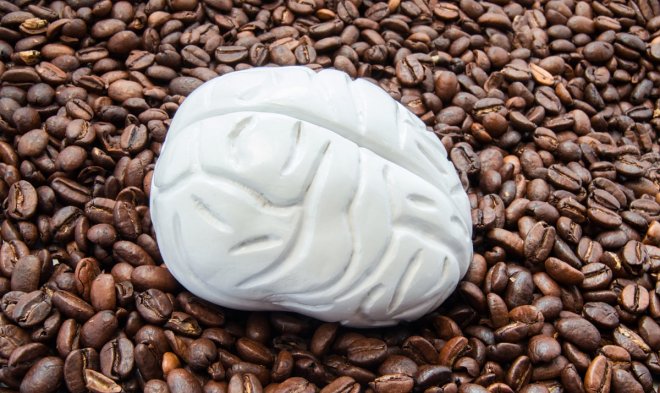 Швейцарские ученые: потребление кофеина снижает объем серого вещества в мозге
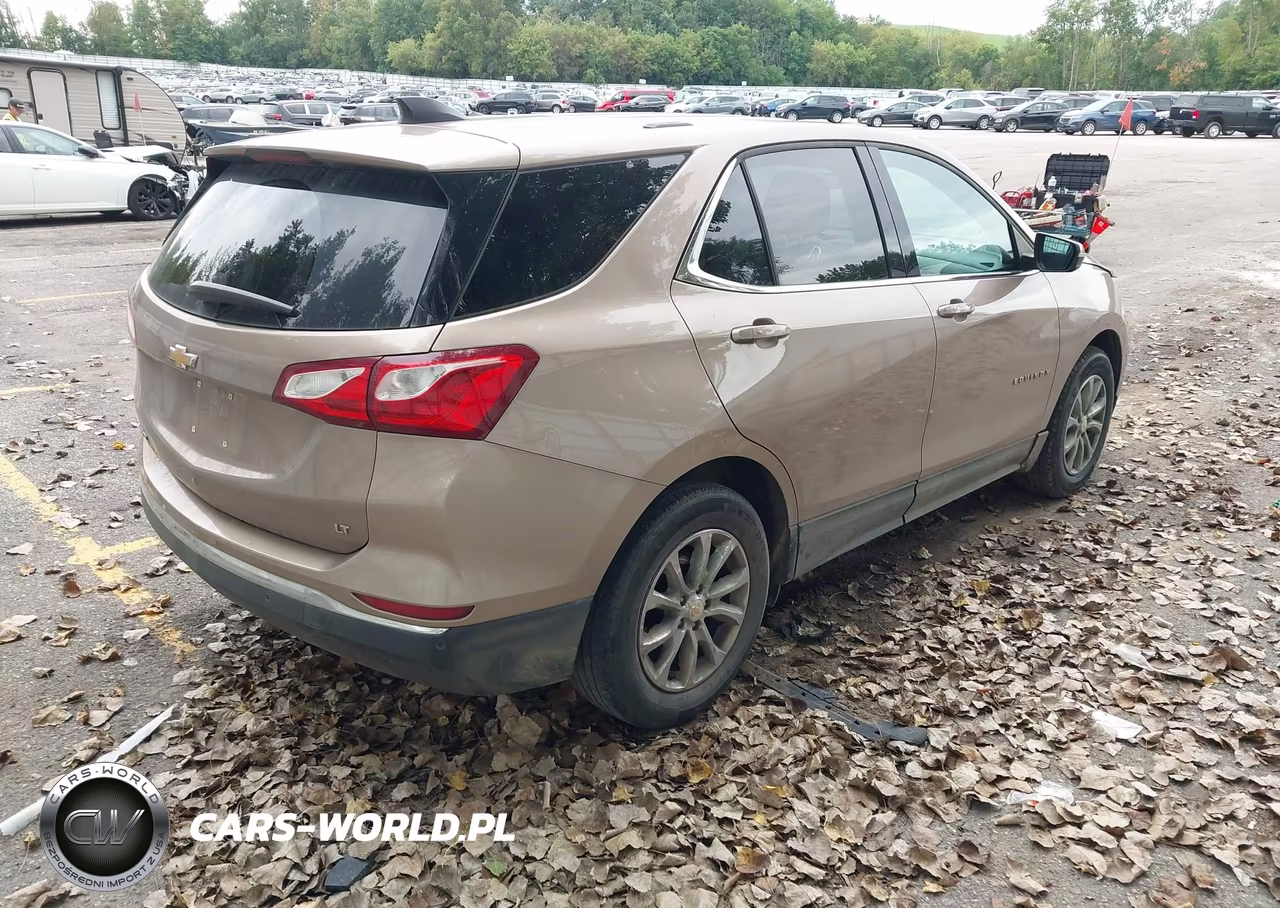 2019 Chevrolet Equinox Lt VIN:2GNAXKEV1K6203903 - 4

--

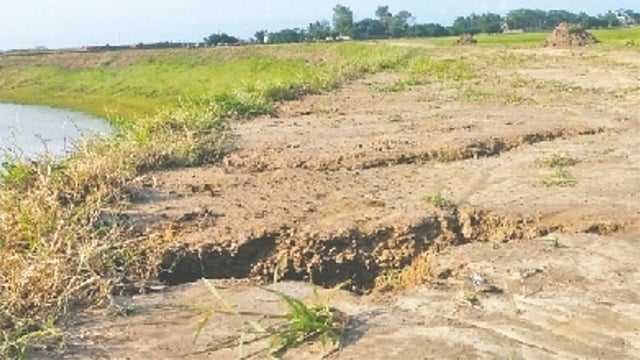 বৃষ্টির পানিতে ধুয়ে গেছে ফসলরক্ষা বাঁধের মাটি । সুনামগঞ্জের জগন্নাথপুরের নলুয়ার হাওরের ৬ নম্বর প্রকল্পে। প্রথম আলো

### EXERCISE REQUIREMENTS
Reproduce the data above exactly, but only from the line containing "Швейцарские ученые: потребление" through the line containing "2019 Chevrolet Equinox"; skip the pictures.

### RESPONSE BELOW
 Швейцарские ученые: потребление кофеина снижает объем серого вещества в мозге
 2019 Chevrolet Equinox Lt VIN:2GNAXKEV1K6203903 - 4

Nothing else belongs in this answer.